# Getting Better? Sucking Less?



## cargo2k (Feb 26, 2010)

CodeMonkey said:


> Cat Tracks with Dropoffs - Whenever I'm on a skinny-ish trail with a drop, I always tend to favor whichever edge keeps me away from the drop. I'm conscious of the fact that I'm being a chicken, but I can't seem to put down the other edge, without REALLY slowing down. Any suggestions?


sounds a bit vague to really help you are you trying to used skidded type turns (leaving a wide track ing the snow)?



CodeMonkey said:


> I think I'm finally bending my knees enough. When I do it right, my toe edge seems to use no calf muscle, I just lean into it. But, after long stretches of semi-flat, where I have to stay on one edge to do the traverse w/o slowing down / stalling, my front leg thigh is screaming. Do I just need to get over it and wait for the muscle to catch up, or is there a better way? Say, for example, I'm having trouble staying on the cat track, on a semi flat area, where if I go flat I'll have steering issues . . . I can only assume I'm doing something wrong here.


if one leg is getting tired quicker then the other i would bet that you are resting more weight on the one foot, look at how your legs are flexed, i bet the lead is more so then the rear.

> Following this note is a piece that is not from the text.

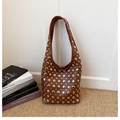 Braune Hobo-Tasche aus Kunstleder mit silbernen Nieten und Vintage-Schultergurt - Braun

Unless the rear leg is just in better shape. also think about pushing your hips forward on a toe side traverse/carve hip movements counter knee movements to an extent.



CodeMonkey said:


> I've hit a couple of ramps with mixed success. . . . any advice on starting jumps? Should I be working on anything in particular? Sometimes I land them, sometimes I don't. Sometimes I can't get lined up right / get speed right.


Center of Balance - make sure you are landing on both feet evenly shoulders matching the pitch of the landing. try to keep the board pointed in the direction of travel with light pressure on the trailing edge if things rotate a bit.

Trajectory - your are going to fly the same direction you leave the ground at, practice alignment at take off and through the air.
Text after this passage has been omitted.